Wer Geld in Kunst investieren will, muss mit starken Preisschwankungen rechnen. Selbst wenn die Preise für Gemälde, Skulpturen oder Antiquitäten anziehen, muss das nicht für einzelne Objekte gelten. „Kunstwerke sind nicht wie Aktien normiert“, sagt Wilke. Seinen Höhepunkt habe der Kunstmarkt in den Jahren 1989/90 erreicht. „Während der Aktienhausse haben viele Spekulanten vor allem aus Japan ihre Gewinne in Kunst angelegt“, sagt Wilke. Den tiefsten Punkt habe der Markt etwa 1993 erreicht. Bis 2000 hätten die Durchschnittspreise auf internationalen Märkten dann wieder angezogen. „Seit drei, vier Jahren hat sich das Niveau unter Schwankungen gehalten. Den Einbruch auf dem Aktienmarkt hat der Kunstmarkt gut weggesteckt“, sagt Wilke. „Das ist auch ein Zeichen dafür, dass Kunst eine eigene Anlageklasse ist.“

„Kunst ist immer eine Wertanlage“, sagt Schroeter-Herrel. Es komme nur auf die Definition an. „Kunst ist mit einem ideellen Wert verknüpft, man kauft die Inhaltlichkeit und die künstlerische Vision.“ Zwar agieren Spekulanten am Markt, die sich nur für die finanzielle, nicht aber für die emotionale Rendite interessieren. Doch um erfolgreich zu sein, muss man sich auf dem engen Markt sehr gut auskennen. „Neulingen kann ich das nicht empfehlen“, sagt Schroeter-Herrel. Wer in Kunst investieren wolle, der sei bei Künstlern mit hohem Bekanntheitsgrad und bei Werken von besonderer Qualität auf der sicheren Seite – zahlt aber auch höhere Preise. Die Investition in junge Künstler ist preiswerter, aber auch riskanter.

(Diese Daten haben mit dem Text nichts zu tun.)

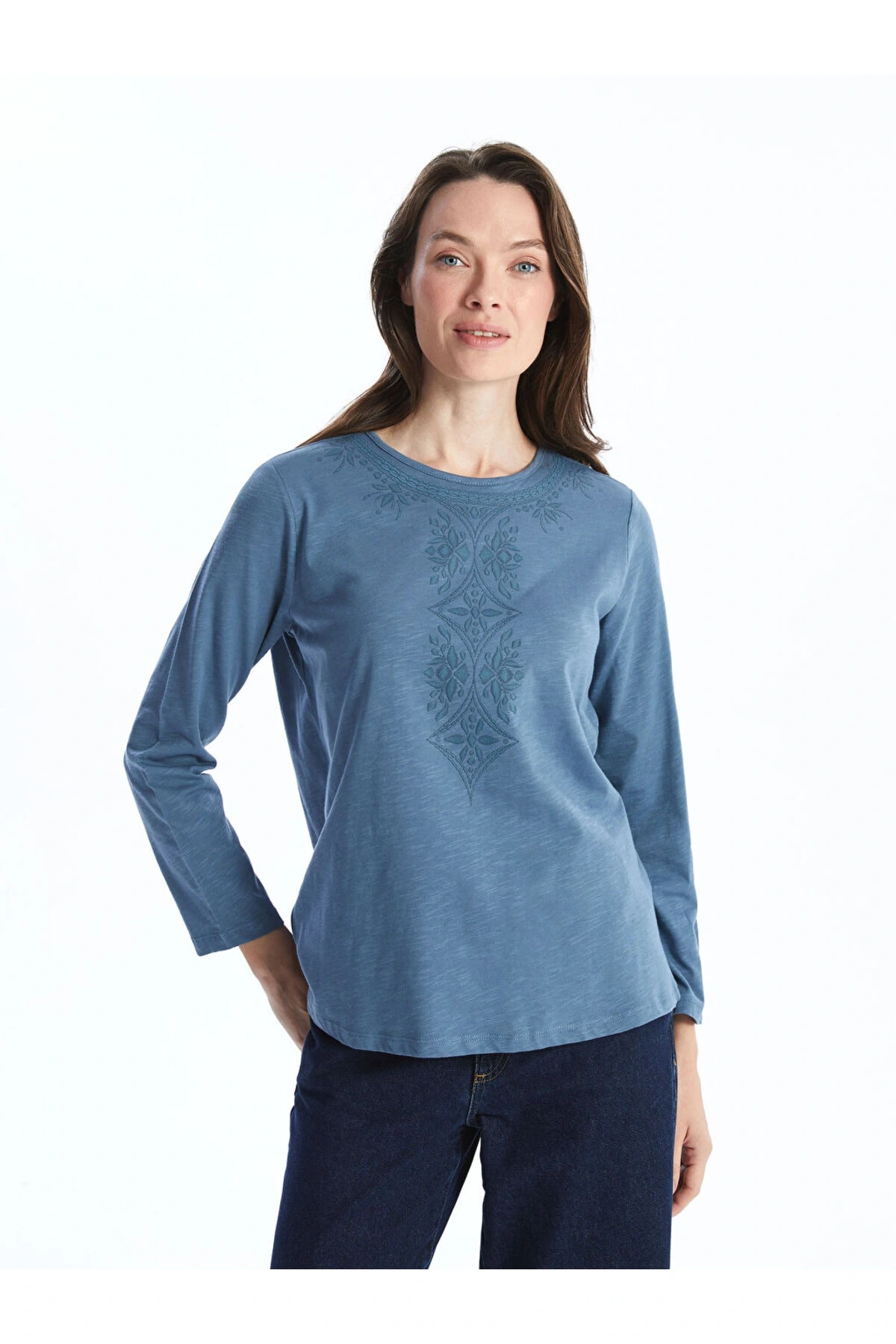 LCW Bisiklet Yaka Nakışlı Kadın Bluz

„Ohne eine Affinität zu dem Thema macht es ohnehin keinen Sinn, in Kunst zu investieren“, sagt Wilke. Nur intensive permanente Marktbeobachtung könne einen Investor vor scharfen Preisänderungen zu seinen Ungunsten bewahren. Aber der Wert von Kunst ist weder mess- noch vergleichbar. Orientierung können Auktionen oder auch der Kunstkompass der Zeitschrift „Capital“ bieten. Bei der Rangliste der gefragtesten Künstler wird unter anderem berücksichtigt, in welchen Ausstellungen ein Künstler vertreten war. Auf Platz eins in diesem Jahr: der deutsche Maler Gerhard Richter. Der Preis für mittelgroße neuere Arbeiten: 300000 bis 400000 Euro.

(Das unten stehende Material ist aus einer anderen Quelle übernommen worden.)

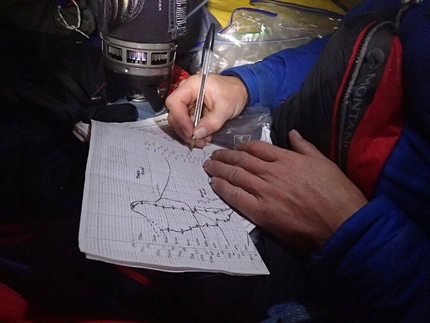 Eiger, Titanic, Tom Ballard, Marcin Tomaszewski - During the first ascent of 'Titanic', North Face of the Eiger (A3/M5/6b, 1800m, 7 days, 29/11/2016 - 06/12/2016 Tom Ballard, Marcin Tomaszewski)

In Kunst sollte man ohnehin nur Geld investieren, das man nicht zu einem absehbaren Zeitpunkt wieder braucht, sagen die Experten. So kann man gelassen das Auf und Ab des Marktes beobachten: „Sie können jeden Morgen in der Zeitung lesen, dass ihre Aktien gerade wieder zehn Prozent verloren haben. Wenn der Cézanne an der Wand zehn Prozent an Wert verliert, lächelt er sie immer noch an“, sagt Wilke.